Ces deux textes entrent en vigueur dès le 20 novembre 2020 et s’appliquent à l’ensemble des juridictions de l’ordre administratif jusqu’à la date de cessation de l’état d’urgence sanitaire déclaré par le décret n° 2020-1257 du 14 octobre 2020, prorogations comprises. A ce jour, ces mesures transitoires seront donc applicables jusqu’au 16 février 2021 inclus, conformément à l'article 1er de la loi n° 2020-1379 du 14 novembre 2020.
A titre liminaire, il est notable qu'aucun de ces deux textes du 18 novembre 2020 ne prolonge les délais de recours devant les juridictions administratives, contrairement à ce qui avait été prévu durant le premier confinement, qui était certes plus strict.
Tout d'abord, l'ordonnance et le décret précités prévoient des mesures visant à limiter la tenue d'audiences physiques rassemblant l'ensemble des intervenants habituels.
Ainsi, le président de la formation de jugement peut décider, sans qu’aucun recours soit possible contre cette décision, que l'audience se tiendra par visioconférence ou, en cas d’impossibilité technique ou matérielle et lorsque les parties ou leurs avocats le demandent, par d'autres moyens de télécommunication, y compris par téléphone.
En toute hypothèse, le moyen de télécommunication choisi doit permettre de s’assurer de l’identité des parties et de leurs avocats ainsi que de garantir la qualité de la transmission et la confidentialité des échanges entre les parties et leurs avocats. La présence physique des conseils ou des interprètes aux côtés des parties n’est pas requise.
L'une des mesures les plus dérogatoires est la faculté pour le juge des référés de statuer sans audience, par ordonnance motivée, notamment sur les requêtes en référé-liberté ou en référé-suspension. Alors que l'oralité a une place déterminante dans ces procédures, il est regrettable que le texte ne prévoie pas que les parties et leurs conseils puissent s'opposer à une telle mesure. Il faut espérer par conséquent que les magistrats feront une application mesurée de cette faculté. La justification d'une telle dérogation est d'ailleurs contestable, dès lors que l'ordonnance permet également aux magistrats statuant seuls, avec l'accord du président de la juridiction, de tenir leurs audiences à distance, y compris depuis leur domicile.
Le décret du 18 novembre 2020 prévoit également que les demandes de sursis à exécution de jugements rendus en première instance puissent être jugées sans audience publique.
Ce décret allège en outre d'autres règles procédurales, dont les plus notables sont exposées ci-après.
Le décret prévoit ainsi que lorsqu'un partie est représentée par un avocat, la notification des décisions des juridictions administratives sera valablement accomplie "par l'expédition de la décision" à l'avocat.
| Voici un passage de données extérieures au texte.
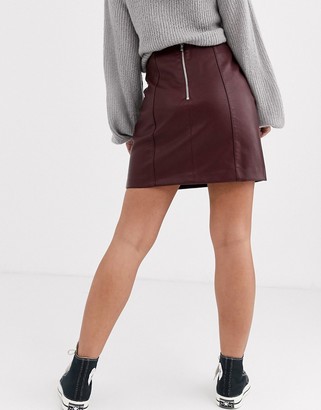 New Look Petite leather look mini skirt in burgundy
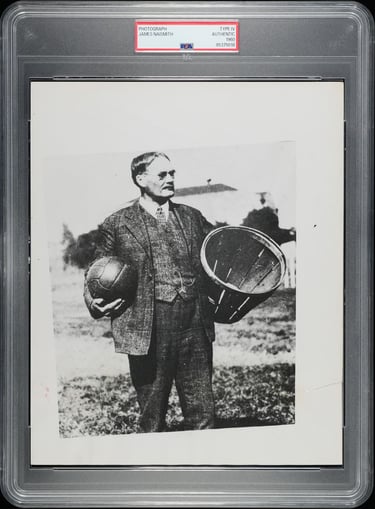 Photograph of the Inventor of Basketball, James Naismith, with a peach basket and ball
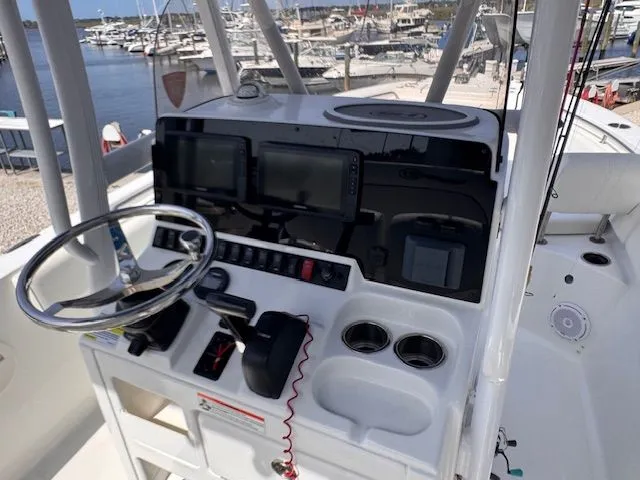 Slide: The Image of The image shows the helm of a Sea Hunt 234 SXS boat docked at a marina. - 19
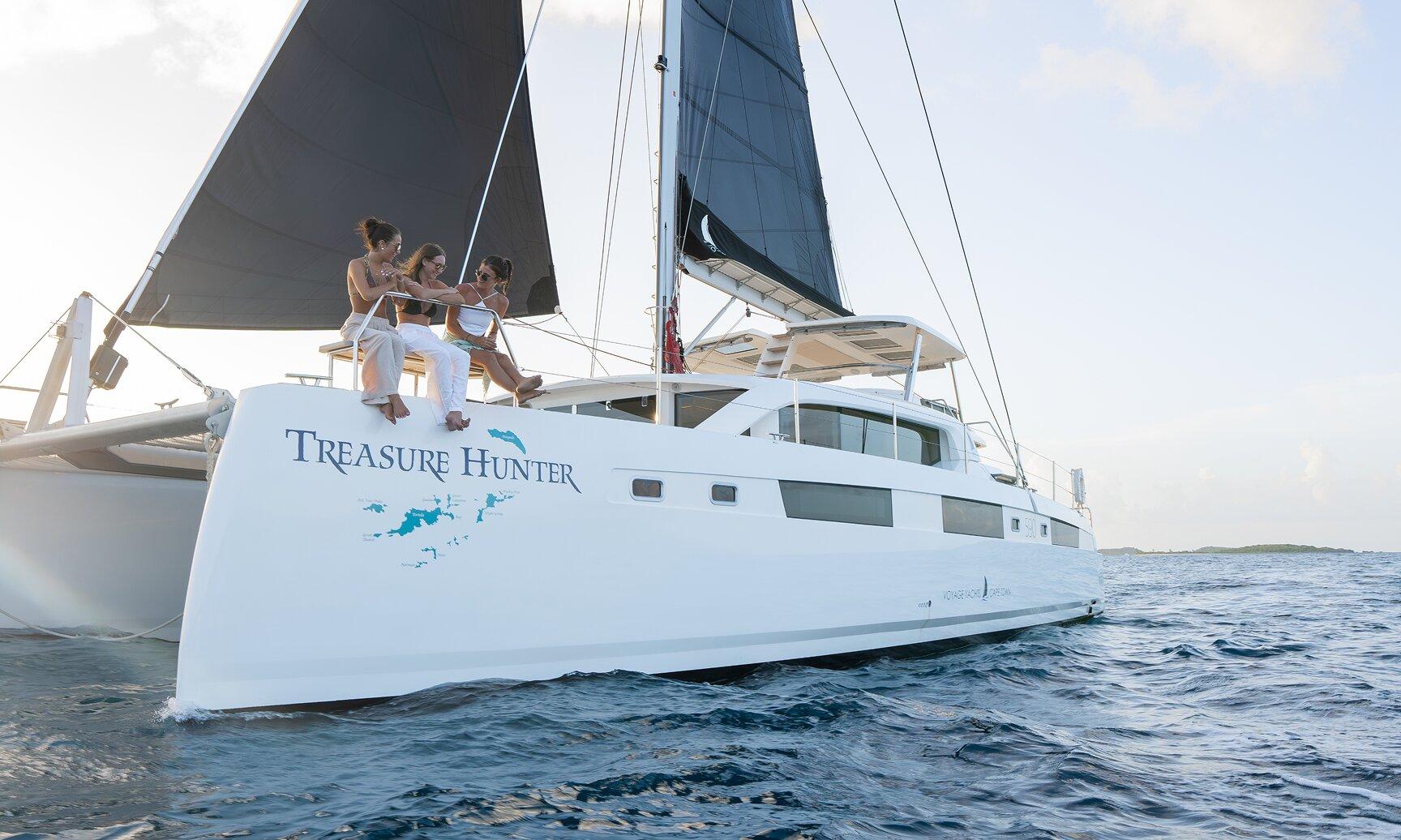 Private charter boat sailing through turquoise Caribbean waters off St. Thomas, US Virgin Islands with Charlotte Amalie harbor in the background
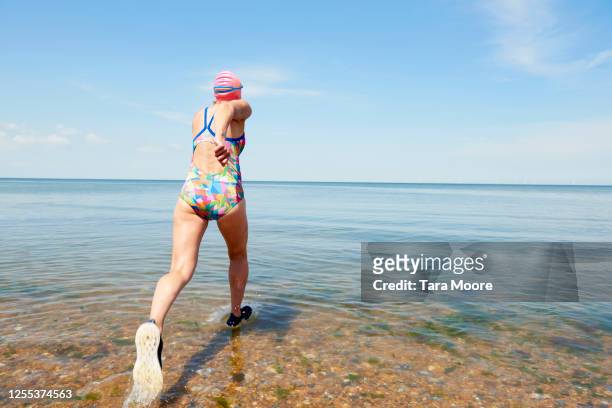 mature woman running into sea - holiday blue sky stock pictures, royalty-free photos & images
Le choix de cette formule est discutable car elle crée un doute sur la date à laquelle le délai de recours devra être décompté. Ce délai débutera-t-il dès l'expédition de la décision et donc avant la réception de l'acte, contrairement aux principes généraux du contentieux administratif ? Ou bien commencera-t-il à la date de première consultation de la décision sur Télérecours et, à défaut de consultation dans un délai de deux jours ouvrés, à l'issue de ce délai (par analogie avec l'article R. 611-8-2 du code de justice administrative qui ne régit pas la notification des jugements et, surtout, avec l'article R. 751-4-1 du même code qui n'est en principe pas applicable aux avocats) ?
S'agissant des parties non représentées par un avocat et n'utilisant ni Télérecours, ni Télérecours Citoyens, la notification pourra être réalisée par tout moyen de nature à attester la date de réception, et non seulement par lettre recommandée avec demande d'avis de réception.
Par ailleurs, la communication des pièces, actes et avis aux parties pourra temporairement être effectuée par tout moyen, de manière, vraisemblablement, à permettre leur envoi par courriel aux parties non inscrites sur Télérecours.